**Exercise aim**
Repeat every line of the data exactly; the pictures stay out.

**The data**
------------------------------------

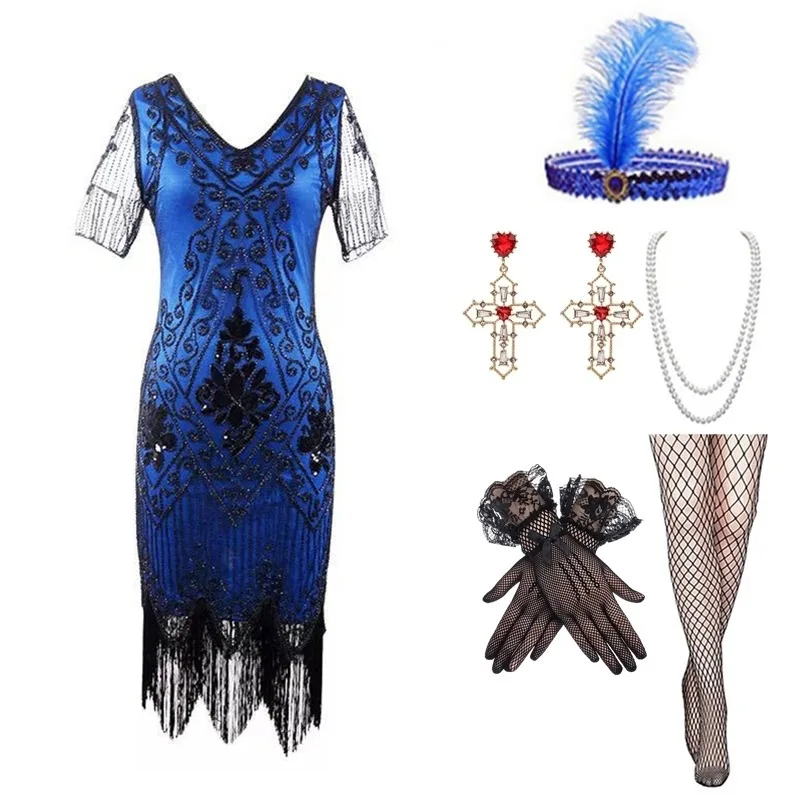 개츠비 섹시 프린지 이브닝 드레스 920 레트로 파 스팽글 드레스 세트 반짝이는 여성 전통 의상 무대 공연
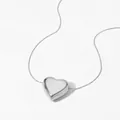 Hochglanzpolierte silberne Edelstahlkette mit 3D-Herzanhänger und Schlangenkette - Silber (D979)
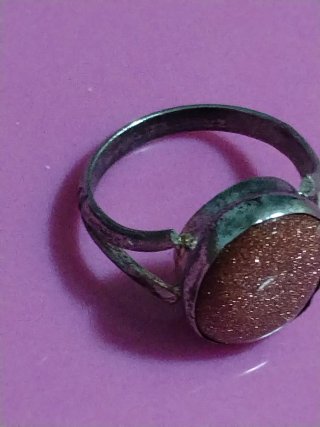 Anello argento galvanizzato naturale eliolite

------------------------------------

**Answer to the exercise**
 개츠비 섹시 프린지 이브닝 드레스 920 레트로 파 스팽글 드레스 세트 반짝이는 여성 전통 의상 무대 공연
 Hochglanzpolierte silberne Edelstahlkette mit 3D-Herzanhänger und Schlangenkette - Silber (D979)
 Anello argento galvanizzato naturale eliolite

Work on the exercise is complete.